Six volunteers with an activist group were also charged with violating quarantine restrictions while transporting relief supplies. Police accused them of distributing “propaganda materials”. Days later, 18 people, including relief volunteers, were arrested for quarantine violations.

In rural areas, land reform advocates have become targets of deadly state operations ostensibly targeting communist rebels. These have become more frequent since COVID-19 lockdowns began, rights groups say. In the sugar production hub of Negros in the central Philippines, the National Federation of Sugar Workers – a group with a long history of fighting for land rights – has been targeted in multiple deadly operations. Antonio Arellano, one of the federation’s chairmen, was killed by four unidentified assailants in February. He was previously accused of involvement with the New People’s Army.

“Even lockdowns did not stop killings and militarisation in the countryside,” said John Milton Lozande, secretary-general of NFSW. “The state forces seem to perceive all organisations as communist-influenced.”

Sardines and rice

Even government policies meant to ease food shocks have ended up costing farmers, analysts say.

During last year’s hard lockdowns, local governments distributed food packs of canned sardines and rice.

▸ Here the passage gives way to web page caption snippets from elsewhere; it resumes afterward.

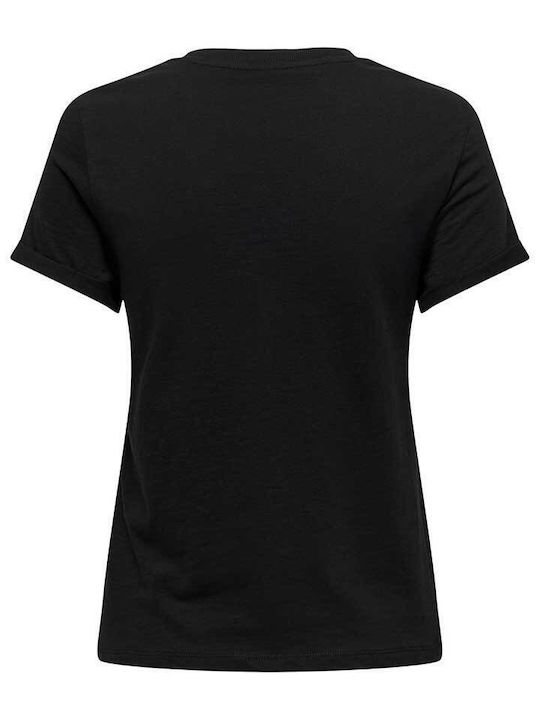 Only Life Damen Sport T-Shirt Schnell trocknend Black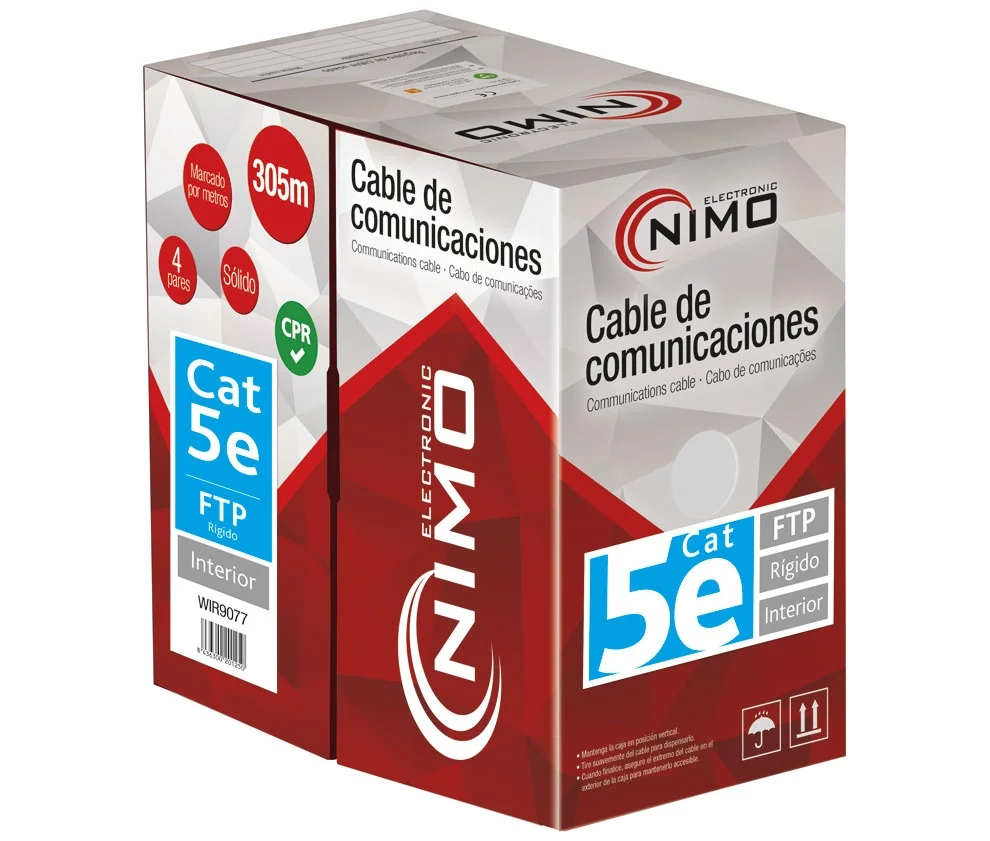 Cable para Datos Ftp Cat.5e Rígido Interior, 305m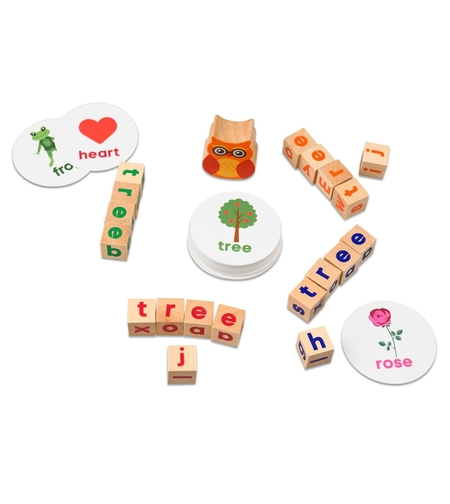 אותיות בקוביות- אנגלית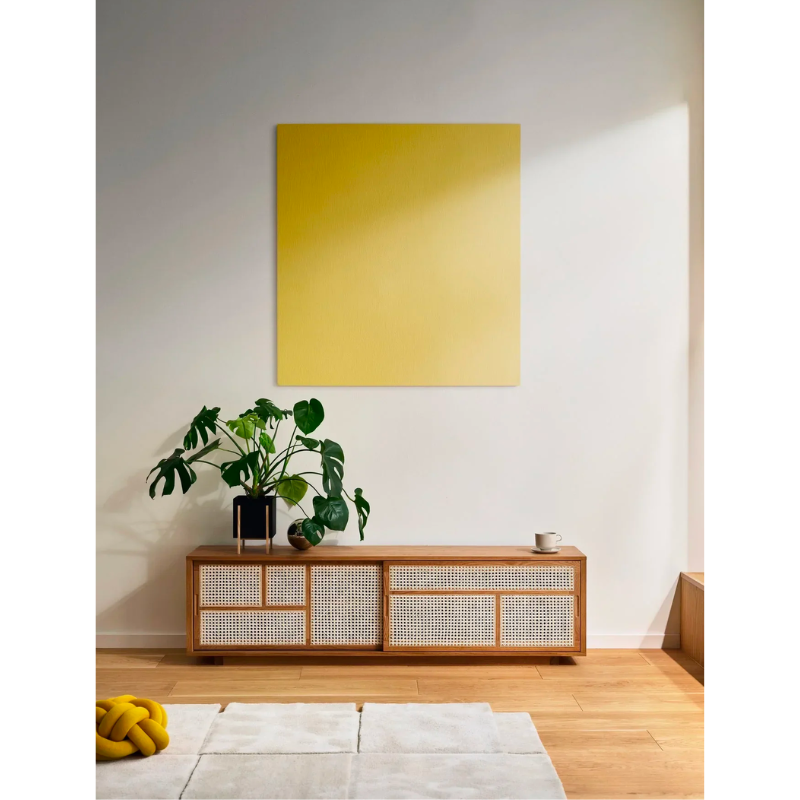 The Air Sideboard, Low by Design House Stockholm boasts a graphic pattern of rattan made of natural cane inlays, giving a feeling of lightness and transparency. The Air Sideboard can be used as a freestanding room divider or placed against a wall as a TV stand.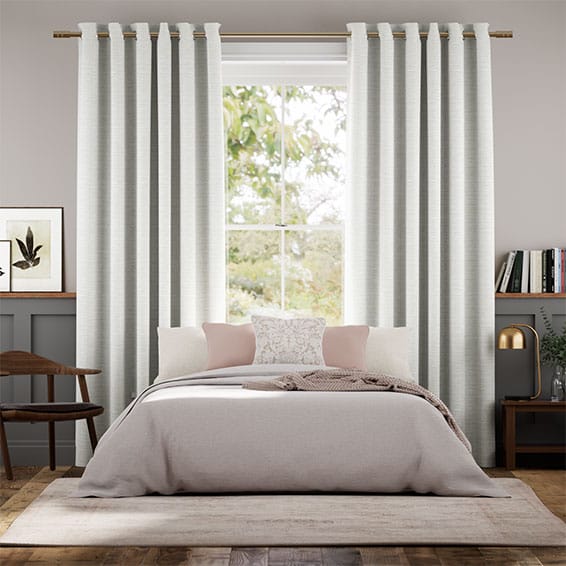 Colorized Amara Pearl White Curtains 6060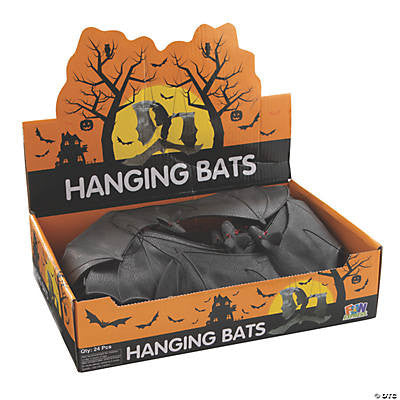 13" Black Vinyl Bat  24 pack
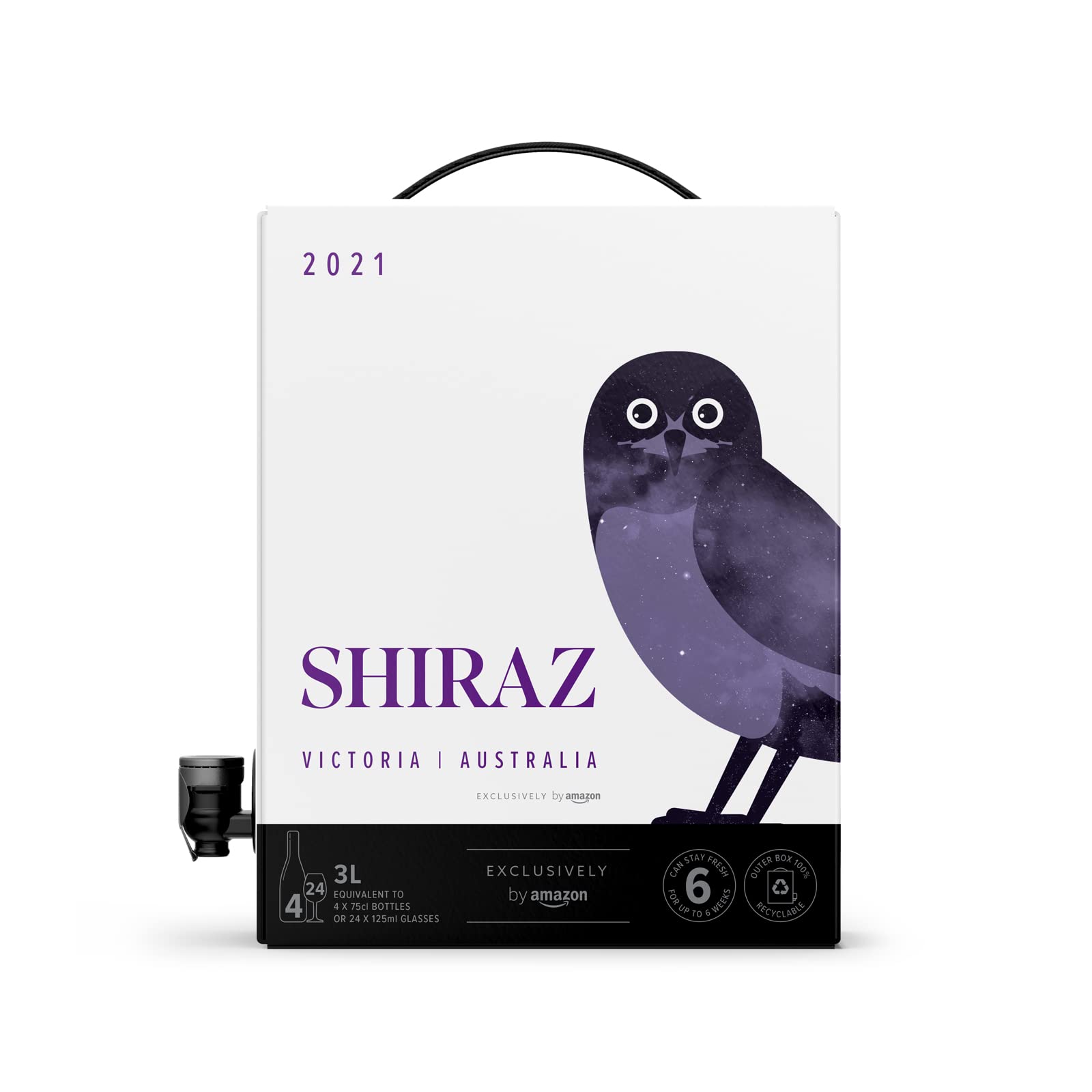 by Amazon Australischer Shiraz, 3-Liter-Beutel in einer Box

But Managuelod said farmers weren’t consulted about their needs. Many produce farmers, burdened by movement restrictions or labour shortages, were unable to tend to their crops and were forced to abandon them in the fields.

“[Local governments were] not connected at all with farmers, or even traders,” said Rosario Guzman, head of the agriculture team at IBON Foundation, a Manila-based think tank.

The government’s agriculture department initially responded to the pandemic with a $600 million programme aimed at increasing the country’s “food adequacy” – a quarter of it devoted to loans and subsidies meant to boost rice production through the pandemic. But rice farmers say they cannot afford to take on more debt, and they continue to feel the pains of the 2019 Rice Tariffication Law, a controversial measure that liberalised imports and led to sudden losses for domestic rice producers

“Now that we have experienced difficulty in ensuring food, it validates the need to support local food production that would ensure steady and sufficient supply of food in times of calamity,” said Maria Finesa Cosico, secretary general of the NGO Advocates of Science and Technology for the People, which campaigns on food security and other issues.

Most of those in the agriculture sector, which employs about a quarter of the country’s population, are struggling. Many farmers also do not have land to till – or they are mired in rights battles for it. 

Frequent movement restrictions have made it impossible to travel to neighbouring areas to find work without permission from village leaders. In Isabela province, farmers going to the city to sell crops can be required to present a negative COVID-19 swab test, which can cost the equivalent of $60 – about 10 times the average daily farm wage before the pandemic.

Local community groups continue to try to lend a hand. Nenita Apricio, chairperson of an association of rural women, AMIHAN Isabela, said she has helped farmers set up communal gardens, and distributed farm tools and seed packs. 

Other Filipinos have taken food production into their own hands: Urban gardening has begun to flourish in Manila, and community food-sharing projects started early in the pandemic kept some poor neighbourhoods from starving as they waited for government help.

These organic relief efforts have been essential. Apricio said she received only two packs of government relief goods since the start of the pandemic, each containing five kilograms of rice and two cans of sardines. Many farmers she knows have received none. 

Someone needs to step in and help, she told The New Humanitarian on a Zoom call, after spending the morning planting string beans.

“I observed that poverty worsened, [especially] after the typhoons,” Apricio said. “This will be a long road to recovery.”